# Everything Else > Arts & Entertainment >  Jessica Schambach

## jhughes1963

Any opinions about Jessica Schambach on Channel 5 KOCO?

----------


## Keith

> Any opinions about Jessica Schambach on Channel 5 KOCO?


I don't watch channel 5 news that much, however, I have tuned in several times, and I feel that Jessica does a good job....and she is rather attractive :Wink:  .

BTW, jhughes1963, welcome to okctalk. Thanks for taking the time to register on this unique forum. We have a great time here and have many discussions, so jump in anytime and tell us what you think.

----------


## EdwardEll

Jessica is a beautiful woman who meets the first half of the media personality test of looks good/ sounds good.Jessica should drop her voice down lower, to a more conversational tone, read the copy slower and try to emote the appropriate tone of voice for each particular story.

----------


## drumsncode

Actually, I'm one of those people that like Jessica Schambach's fast verbal pace.  Both her and Tyler have great vocal energy.  As far as slickness and professionalism of a broadcast, I think KOCO is superb.  

I hope Jessica will be around a long time.  She does all the things I like, and none of the things that annoy me.  I love that crisp voice of hers.

----------


## mranderson

Actually, the rapid fire news delivery is what I like. And yes... She is a very attractive woman.

----------


## Midtowner

Sounds like a girl.

Name is a little hard to spell.  Other than that, if she can read a teleprompter, I guess she can't be all that bad.

-- Seriously, I used to read the news on an admittedly small production (UCO's news station).  It's not difficult in the least, and honestly, it's a VERY overrated job.

Y'all are giving these people waaaay too much credit for reading off of a teleprompter and thinking up good segways.

----------


## Patrick

It's funny that you mention this, Midtowner.   Even Dan Rather agreed that anchoring a news cast is a piece of cake.  Check out his comments. 

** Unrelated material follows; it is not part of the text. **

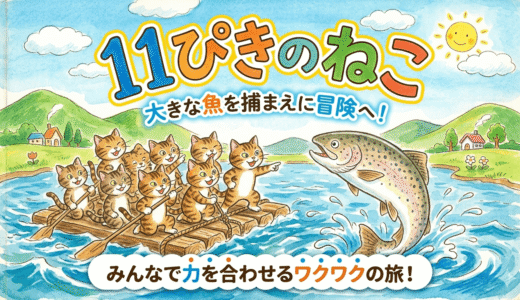 結果がすべてじゃない。失敗したあとに見上げる青空が、凝り固まった心を軽くしてくれる理由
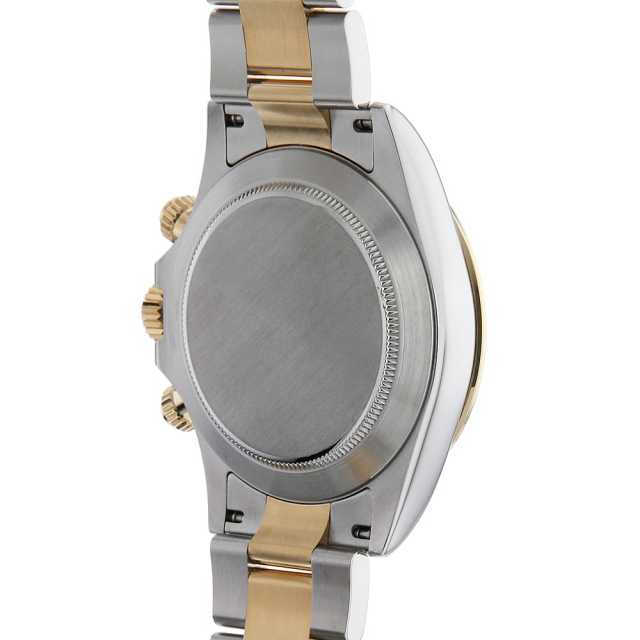 ロレックス デイトナ 116503NG メンズ 中古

http://news.yahoo.com/s/ap/20060425/...eople_rather_4

His comments: "
Rather said the role of a news anchor is overestimated and is not as hard as the job of the journalist in the field."

----------


## Midtowner

Rather's right.  Although I didn't work for a major news production, we still produced the same length of show, probably with _more_ original content than most of our local stations with far inferior equipment, and never a cameraman.  I'd go out in the "field," find my own story (occasionally, someone would assign something, but rarely), contact sources, line up interviews, get b-roll, write a script, tape my voiceover, and edit a 1.5 minute package together in about 3-4 hours doing it all.  After that, I'd throw on a coat and tie, then anchor.  Anchoring is cake -- it involves reading the prompter and looking at whatever camera the director in your ear tells you to.  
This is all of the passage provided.